- _Activity_
Word for word, restate every record, though not the pictures.

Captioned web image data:
= = = = =

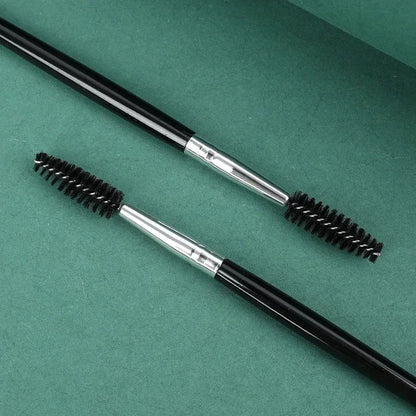 Premium Eyebrow and Lash Brush - Versatile Grooming Tool for Flawless Brows and Lashes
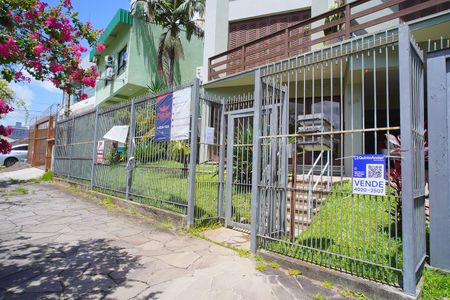 Apartamento à venda com 216m², 4 quartos e 2 vagas Apartamento à venda com 216m², 4 quartos e 2 vagasFachada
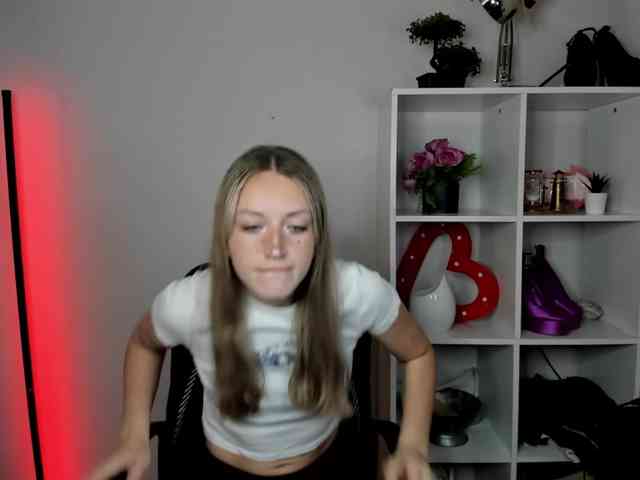EvelynBlond26 webcam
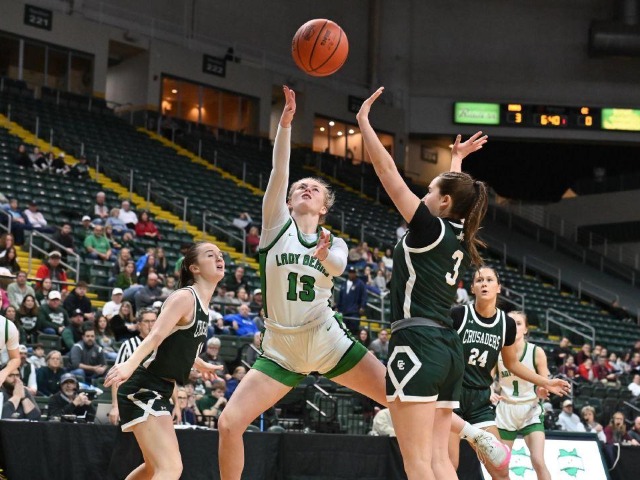 vs Canton Central Catholic (Erin Caldwell Sandusky Register) 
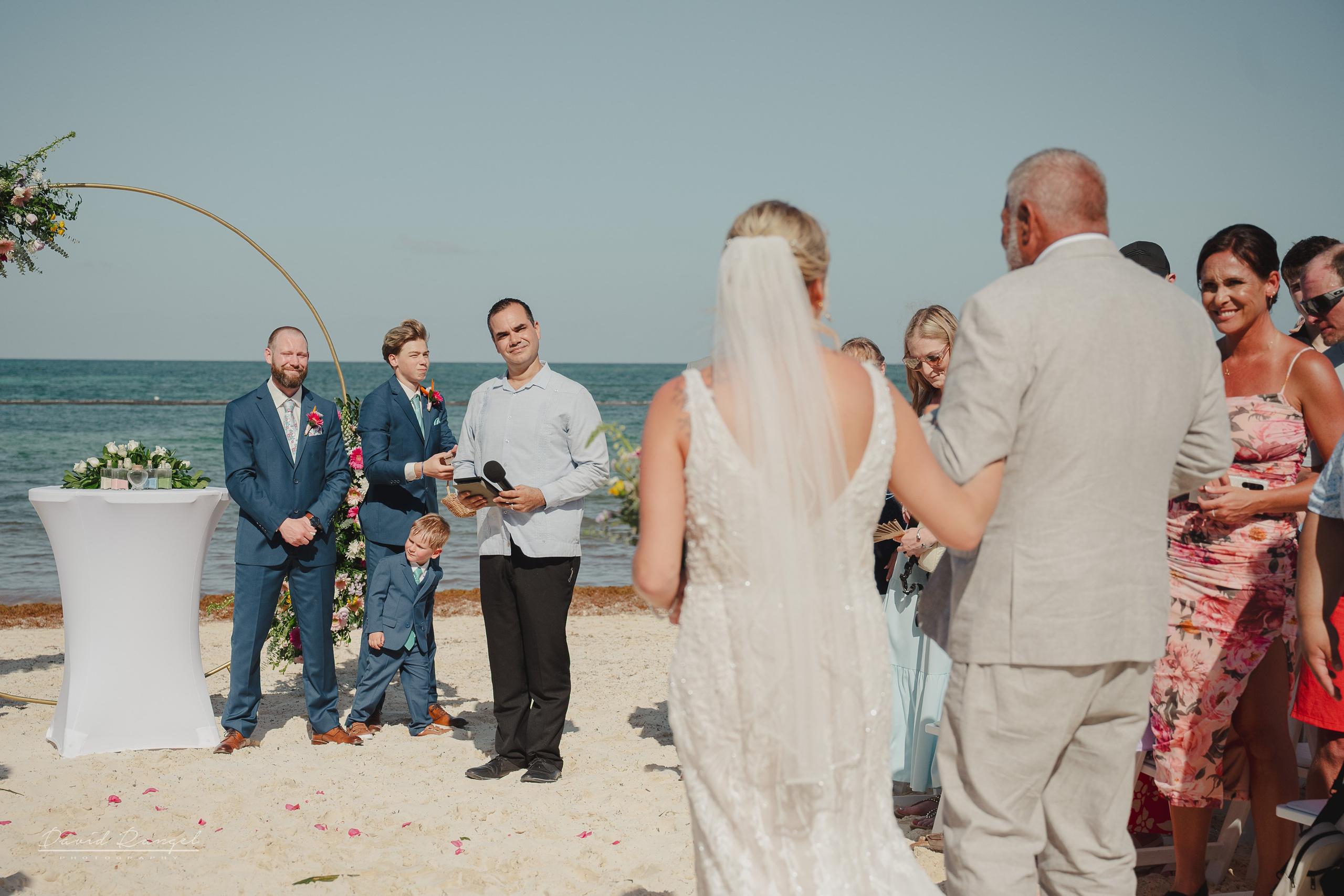 Destination Wedding at Royalton Splash Riviera Cancun. Destination wedding photographer based in Cancun and Riviera Maya with service worldwide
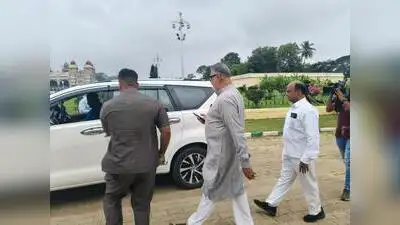 Minister Yathindra Siddaramaiah arrived late, prompting senior Congress MLA Tanveer Sait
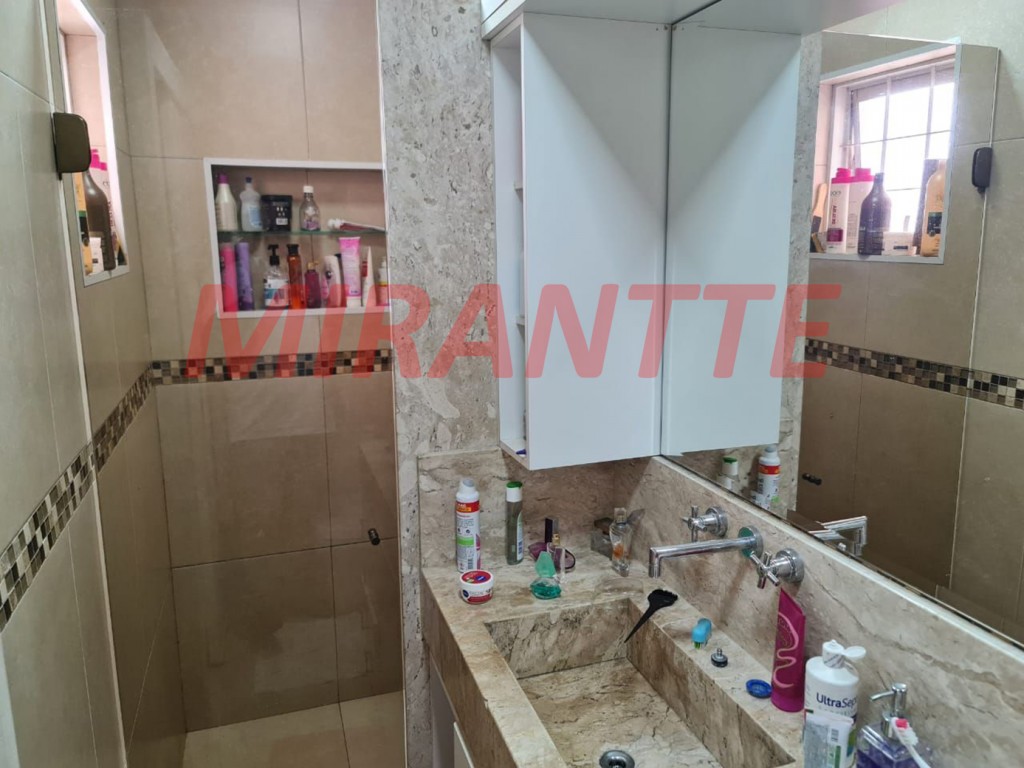 Sobrado de 240m² com 3 quartos em Vila Mazzei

= = = = =

- _Your solution_
 Premium Eyebrow and Lash Brush - Versatile Grooming Tool for Flawless Brows and Lashes
 Apartamento à venda com 216m², 4 quartos e 2 vagas Apartamento à venda com 216m², 4 quartos e 2 vagasFachada
EvelynBlond26 webcam
 vs Canton Central Catholic (Erin Caldwell Sandusky Register) 
 Destination Wedding at Royalton Splash Riviera Cancun. Destination wedding photographer based in Cancun and Riviera Maya with service worldwide
 Minister Yathindra Siddaramaiah arrived late, prompting senior Congress MLA Tanveer Sait
 Sobrado de 240m² com 3 quartos em Vila Mazzei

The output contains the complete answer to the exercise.